The chief reason given by the Italian radicals for not supporting woman suffrage was the alleged readiness of women to accept the control of the priests. The same objection has, before now, been heard in other countries,—in France, England, and America. John Bright, especially, made it the ground of his opposition to a movement in which several members of his family have been much engaged. The same point of view was presented, in this country, several years ago, by Mr. Abbot of the Index. But to how much, after all, does this objection amount?
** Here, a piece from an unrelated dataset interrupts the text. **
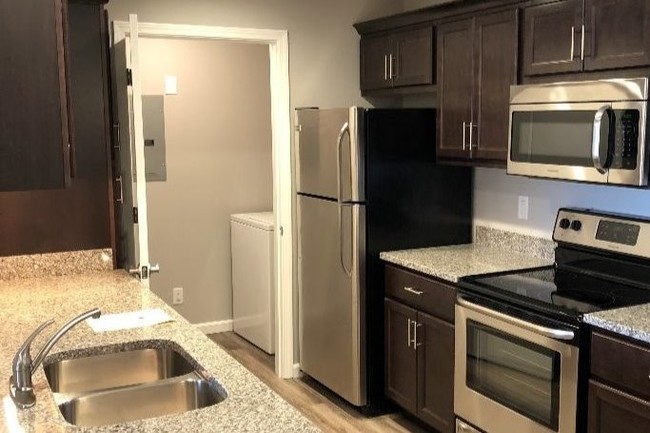 KITCHEN - 3036 Lindberg Rd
No one doubts that the religious sentiment seems stronger in women than in men; but it must be remembered that this sentiment has been laboriously encouraged by men, while the field of action allowed to women has been sedulously circumscribed, and her intellectual education every way restricted. It is no wonder if, under these circumstances, she has gone where she has been welcomed, and not where she has been snubbed. Priests were glad to hail her as a saint, while legislators and professors joined in repelling her as a student or a reformer. What wonder that she turned from the study or the law-making of the world to its religion? But in all this, whose was the fault,—hers, or those who took charge of her? If she did not trust the clergy, who alone befriended her, whom should she trust?

But observe that the clergy of all ages, in concentrating the strength of woman on her religious nature, have summoned up a power that they could not control. When they had once lost the confidence of those ruled by this mighty religious sentiment, it was turned against them. In the Greek and Roman worship, women were the most faithful to the altars of the gods; yet, when Christianity arose, the foremost martyrs were women. In the Middle Ages women were the best Catholics, but they were afterwards the best Huguenots. It was a woman, not a man, who threw her stool at the offending minister’s head in a Scotch kirk; it was a woman who made the best Quaker martyr on Boston Common. And, from vixenish Jenny Geddes to high-minded Mary Dyer, the whole range of womanly temperament responds as well to the appeal of religious freedom as of religious slavery. It is religion that woman needs, men say; but they omit to see that the strength of her religious sentiment is seen when she resists her clerical advisers as well as when she adores them or pets them. Frances Wright and Lucretia Mott are facts to be considered, quite as much as the matrons and maids who work ecclesiastical slippers, and hold fancy fairs to send their favorite clergymen to Europe.